In the meantime, I'm watching the birdlife, at this time of year we get quite a few coming in to nest and  breed.  My first winter here saw one pair of Royal Spoonbills nest here, this is my third winter on board and there are now three pairs. A good sign that the breed is doing well. They arrived about 6 weeks ago, and its lovely to see these graceful birds just outside my windows.

Friday, July 8, 2016

Wintertime, a good time to work on Long Steps.

Wintertime.  No blues though.
Well, only a few.

Its been a wet week, high winds, thunderstorms and torrential rain.  Even my little dog hates going out in this, so apart from the usual engineering jobs, two this week, its been a time for at home and inside.
Its too cold to draw, I can work ok but the ink wont dry in this very cold high humidity weather, so one of the jobs to do very soon is to move the drawing board and all the odds and ends that go with it back onto the ship.  I wont do that when its raining, too much of the equipment is sensitive to the wet, so with luck that might happen tomorrow.
So I’ve done my company paperwork for the quarter, tidied up in the shop, cooked and frozen enough meals for a couple of weeks, and got into action building “Long Steps”

I’m working on several bulkheads, B#2 has a curved doubler across the front face to support the foredeck and foredeck king plank, ( that’s the one down the middle) rather than use solid wood for this I’ve made it  up from several pieces of scrap 9mm plywood, two layers with the joins staggered.  Being glued to the front face of B#2 its not going anywhere, its really just there for the foredeck.
So B#2 is almost done, there are a couple of 20x20 pieces that will support the cabin side to bulkhead join and then I can start coating it.

B#3 is next,  that’s the one at the forward end of the cockpit floor, up under the “veranda” in the cuddy. I’ve just cut out the hatch doors and am busy making up the edge pieces for the hatches. 
I want to try the PT Watercraft style hatches where surgical rubber tube sealing ring is set into a groove and the hatch door dogged down on it.  This requires pretty precise work, and a very stiff edge to the opening so I’ve used 9mm plywood here as well, that makes an edge 18mm thick, nearly 3/4in.  We’ll see how it goes, the opening is the right size to take a big So Pac Marine hatch, and if mine doesn’t work out I can run the jigsaw around and drop those plastic ones in.

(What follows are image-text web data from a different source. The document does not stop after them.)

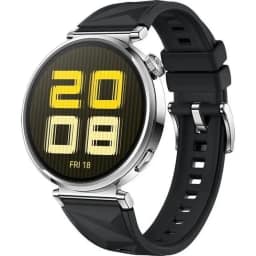 Смарт-часы Huawei Watch GT 5 41mm Fluoroelastomer, Black — фото 1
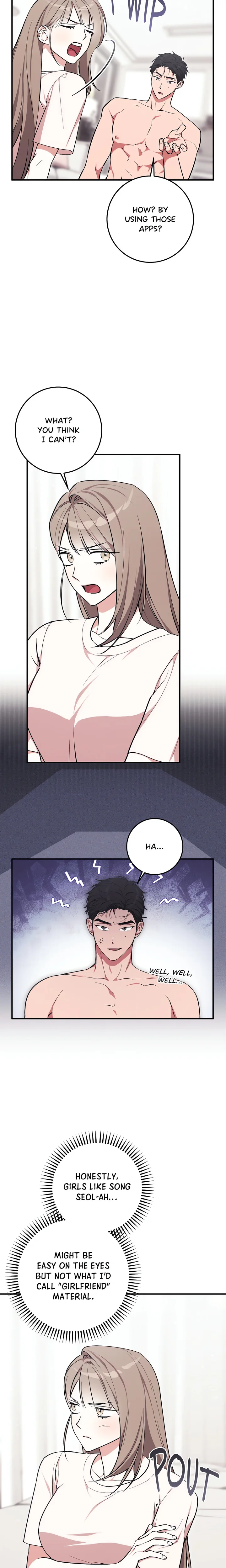 Milk My Strawberries (Uncensored) 8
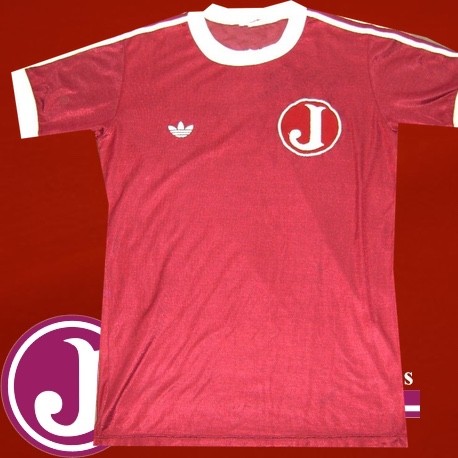 Camisa retro juventus da mooca 1979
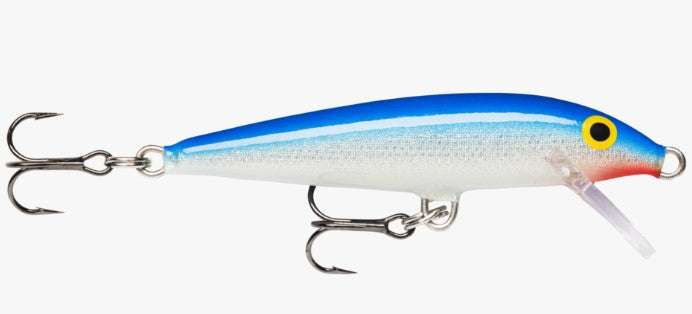 RAPALA ORIGINAL FLOATER - 5/16oz, 1/8oz & 3/16oz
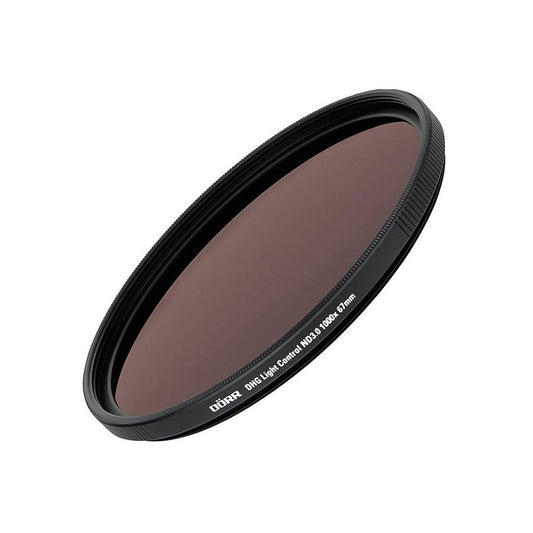 Dorr DHG Neutral Density ND3.0 1000x Filter 67mm Image 1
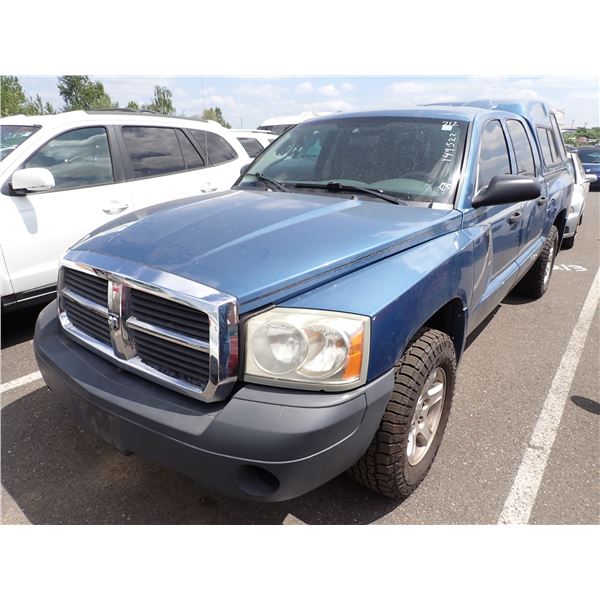 2006 Dodge Dakota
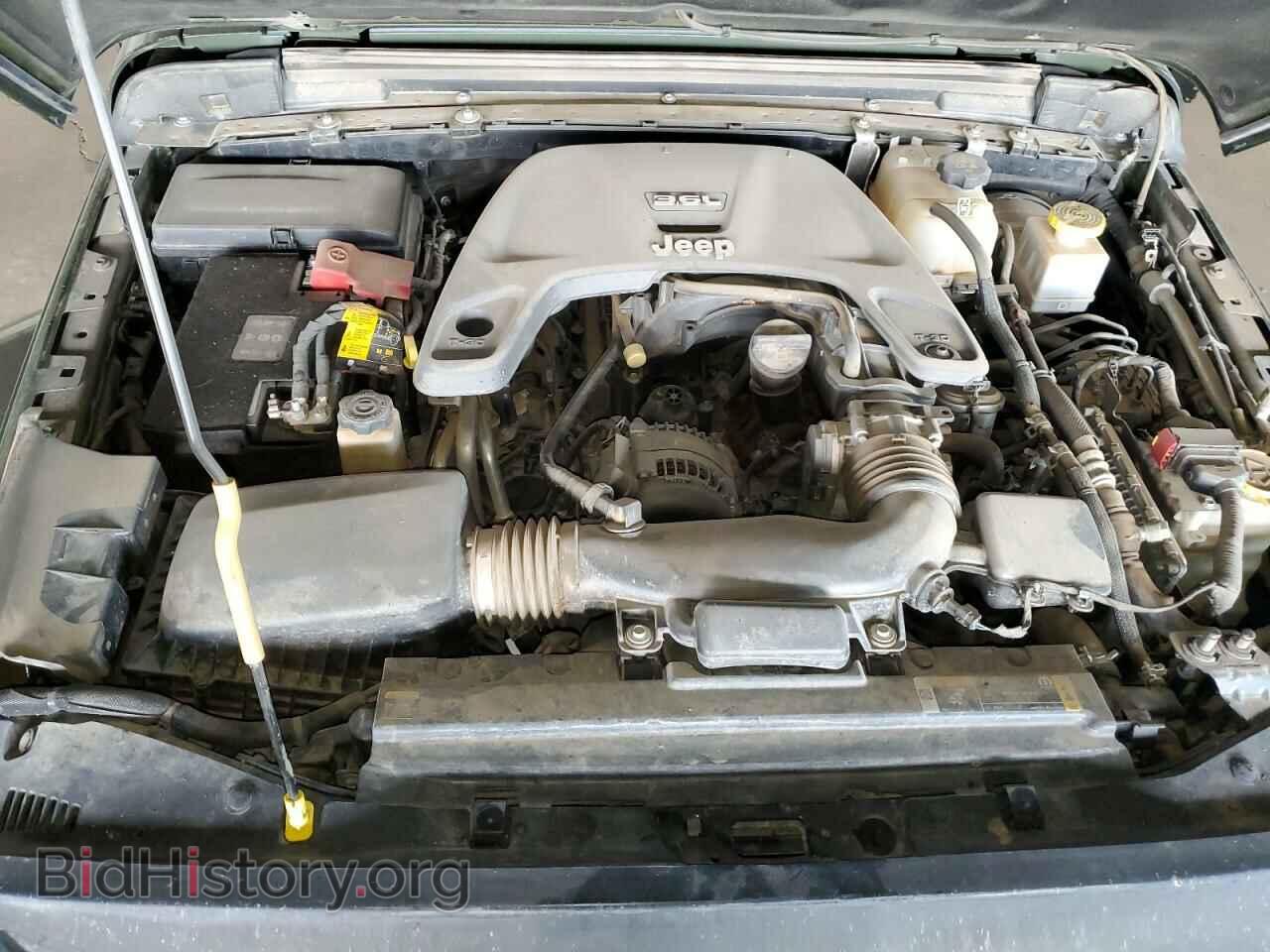 2021 JEEP GLADIATOR - VIN: 1C6JJTAGXML574132 - Фото 11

Before I cut the hatch openings. These are wide enough for me to get a shoulder in so I can reach right to the back of the locker forward of this bulkhead. Like so many of the parts of the boat this one is important in that it keeps the water out.

And here with The hatch openings cut out.  The edge doublers come 20mm in from the edge of the opening that you see here, and I've made the lower edge of the opening at a height where should I swamp the boat, the hatch opening will be above the water in the cockpit.  Same goes for when the boat is on its side, the outer edge will be above the static water level. 
Welsfords first law of seamanship, "Keep the water out" starts back on the drawing board and is a factor in every stage of the build, and of course that also applies when she's sailing.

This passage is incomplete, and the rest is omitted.